> DESCRIPTION OF THE TASK
Your reply should restate the lines from the top of the entries through the line containing "Vedere de sus" word for word, with no pictures.

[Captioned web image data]
+---+

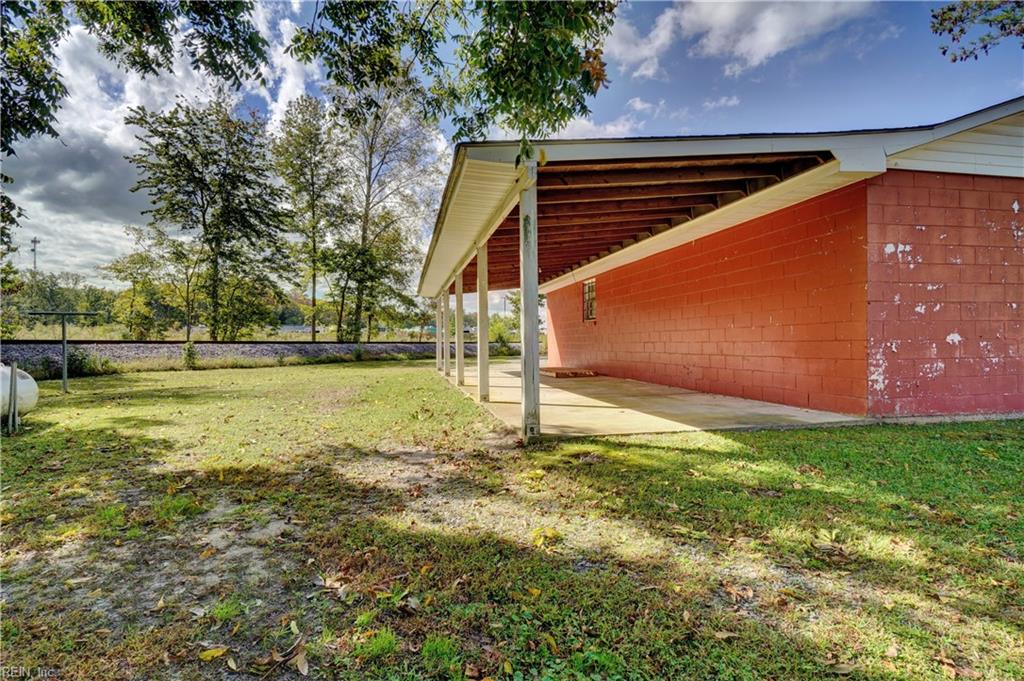 4530 Shoulders Hill Rd Property Photo 32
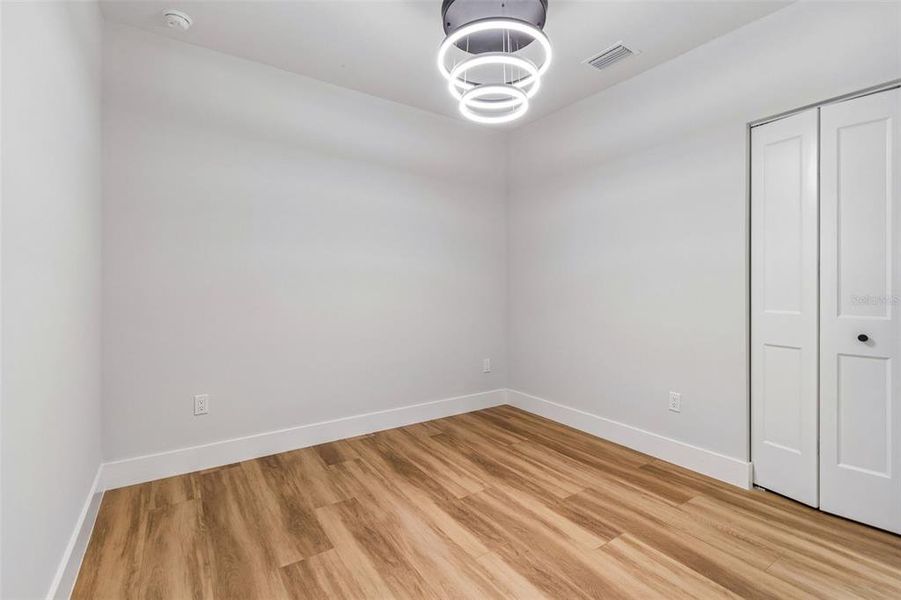 Spacious, unfurnished interior of a new home in , Tampa (Image 40).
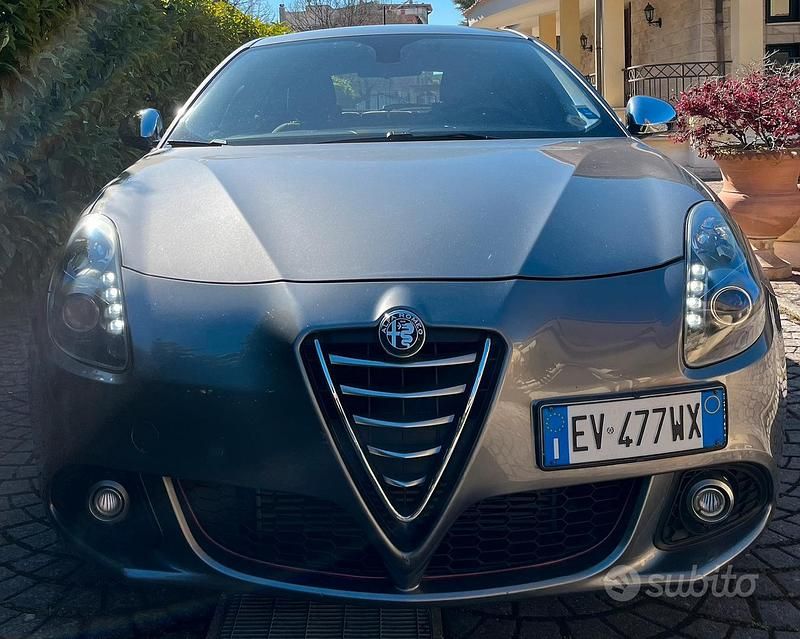 Usata Alfa Romeo Giulietta 105 CV (77 kW) 2014 Grigio Berlina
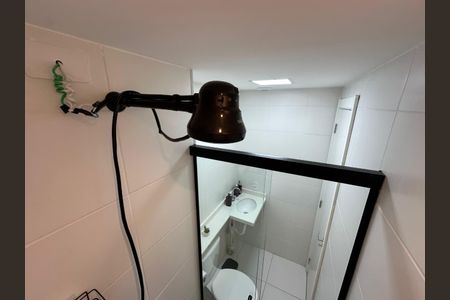 Apartamento para alugar com 34m², 2 quartos e sem vaga Apartamento para alugar com 34m², 2 quartos e sem vagaBanheiro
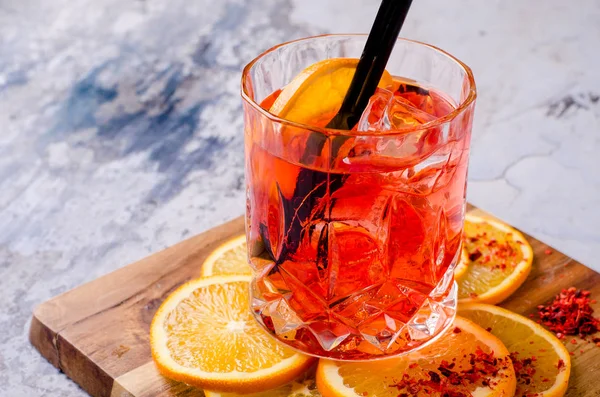 Vedere de sus cocktail roșu exotic Blood Orange Margarita proaspete și fructe în sticlă pe fundal. Bar meniu băuturi alcoolice, savura delicioase tequila răsărit de soare băutură lungă pentru petrecere . fotografii de stoc fără drepturi de autor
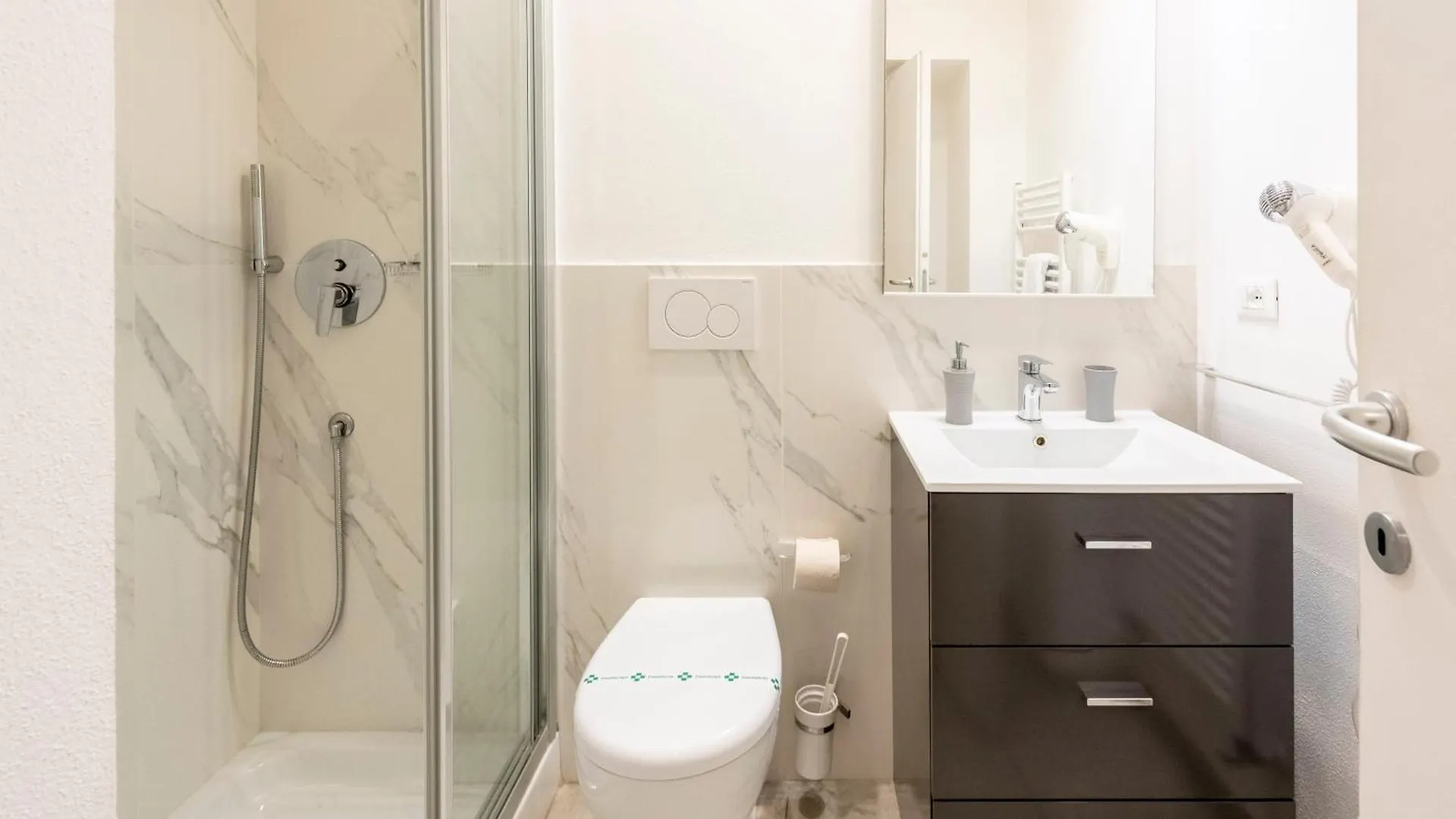 Alla Casa Rosa Al Mare, Central Seafront Stay With Free Private Garage, Air Conditionig, Wi-Fi, Ideal Choice For A Relaxing And Exciting Coastal Escape Rapallo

+---+

> WRITTEN RESPONSE
 4530 Shoulders Hill Rd Property Photo 32
 Spacious, unfurnished interior of a new home in , Tampa (Image 40).
 Usata Alfa Romeo Giulietta 105 CV (77 kW) 2014 Grigio Berlina
 Apartamento para alugar com 34m², 2 quartos e sem vaga Apartamento para alugar com 34m², 2 quartos e sem vagaBanheiro
 Vedere de sus cocktail roșu exotic Blood Orange Margarita proaspete și fructe în sticlă pe fundal. Bar meniu băuturi alcoolice, savura delicioase tequila răsărit de soare băutură lungă pentru petrecere . fotografii de stoc fără drepturi de autor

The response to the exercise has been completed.